Work order:
Work through the entries that follow and state how many lines contain the word "image". Only the number is wanted.

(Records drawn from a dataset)
○ ○ ○ ○ ○ ○ ○
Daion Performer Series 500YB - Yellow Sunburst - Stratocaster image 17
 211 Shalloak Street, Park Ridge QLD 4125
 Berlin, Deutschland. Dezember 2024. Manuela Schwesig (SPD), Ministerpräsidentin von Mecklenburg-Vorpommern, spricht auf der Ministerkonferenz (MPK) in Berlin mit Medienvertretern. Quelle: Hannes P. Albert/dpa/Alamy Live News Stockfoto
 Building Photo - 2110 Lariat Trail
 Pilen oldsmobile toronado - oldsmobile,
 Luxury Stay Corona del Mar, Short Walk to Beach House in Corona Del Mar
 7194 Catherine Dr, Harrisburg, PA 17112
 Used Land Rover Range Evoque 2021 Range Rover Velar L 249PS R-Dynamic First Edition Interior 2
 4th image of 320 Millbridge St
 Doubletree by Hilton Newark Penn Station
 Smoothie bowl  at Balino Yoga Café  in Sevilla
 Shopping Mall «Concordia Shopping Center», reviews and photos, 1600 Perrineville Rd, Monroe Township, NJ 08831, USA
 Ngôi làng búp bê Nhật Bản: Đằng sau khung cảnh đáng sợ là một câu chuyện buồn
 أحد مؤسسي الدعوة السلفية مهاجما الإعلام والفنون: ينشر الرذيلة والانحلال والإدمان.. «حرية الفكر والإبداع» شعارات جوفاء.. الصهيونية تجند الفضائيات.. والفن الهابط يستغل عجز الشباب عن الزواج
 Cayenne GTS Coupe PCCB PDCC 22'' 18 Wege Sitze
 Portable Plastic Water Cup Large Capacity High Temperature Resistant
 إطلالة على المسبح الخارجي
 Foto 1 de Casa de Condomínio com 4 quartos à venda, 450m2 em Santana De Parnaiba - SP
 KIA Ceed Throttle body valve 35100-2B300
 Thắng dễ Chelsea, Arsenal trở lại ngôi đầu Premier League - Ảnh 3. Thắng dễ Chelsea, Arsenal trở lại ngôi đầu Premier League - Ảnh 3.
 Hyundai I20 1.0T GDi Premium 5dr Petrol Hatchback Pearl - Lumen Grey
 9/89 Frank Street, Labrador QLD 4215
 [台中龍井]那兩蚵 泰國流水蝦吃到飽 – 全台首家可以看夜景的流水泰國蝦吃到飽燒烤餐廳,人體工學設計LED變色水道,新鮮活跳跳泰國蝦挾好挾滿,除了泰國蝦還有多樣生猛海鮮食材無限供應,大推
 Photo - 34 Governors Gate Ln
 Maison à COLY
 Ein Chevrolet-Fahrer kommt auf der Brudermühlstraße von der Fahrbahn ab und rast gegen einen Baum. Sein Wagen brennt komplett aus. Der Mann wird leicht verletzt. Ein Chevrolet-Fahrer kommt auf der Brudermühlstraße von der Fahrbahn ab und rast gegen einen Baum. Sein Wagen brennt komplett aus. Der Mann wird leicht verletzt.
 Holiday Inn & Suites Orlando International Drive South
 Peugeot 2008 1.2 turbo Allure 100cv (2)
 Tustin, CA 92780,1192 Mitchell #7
○ ○ ○ ○ ○ ○ ○
Result of this task:
2